Input:
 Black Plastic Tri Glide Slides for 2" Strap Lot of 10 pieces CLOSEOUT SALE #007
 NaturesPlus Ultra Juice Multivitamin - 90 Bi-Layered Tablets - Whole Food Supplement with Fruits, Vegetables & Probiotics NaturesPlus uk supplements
--
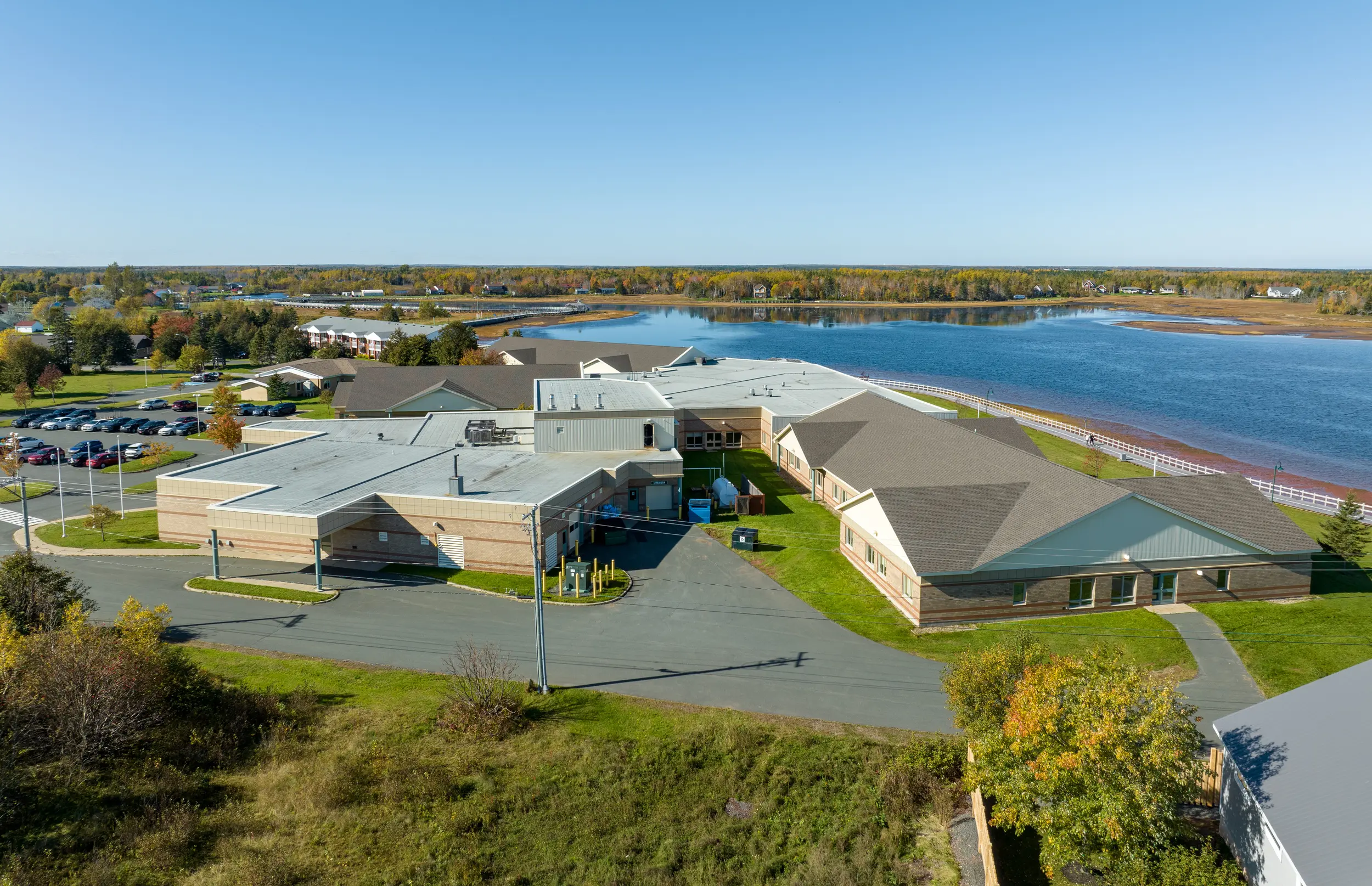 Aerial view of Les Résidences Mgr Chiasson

What to work on: Beginning with the line containing "Black Plastic Tri" and ending with the line containing "NaturesPlus Ultra Juice", extract those lines exactly from the listing above, and only those.

Expected output:
 Black Plastic Tri Glide Slides for 2" Strap Lot of 10 pieces CLOSEOUT SALE #007
 NaturesPlus Ultra Juice Multivitamin - 90 Bi-Layered Tablets - Whole Food Supplement with Fruits, Vegetables & Probiotics NaturesPlus uk supplements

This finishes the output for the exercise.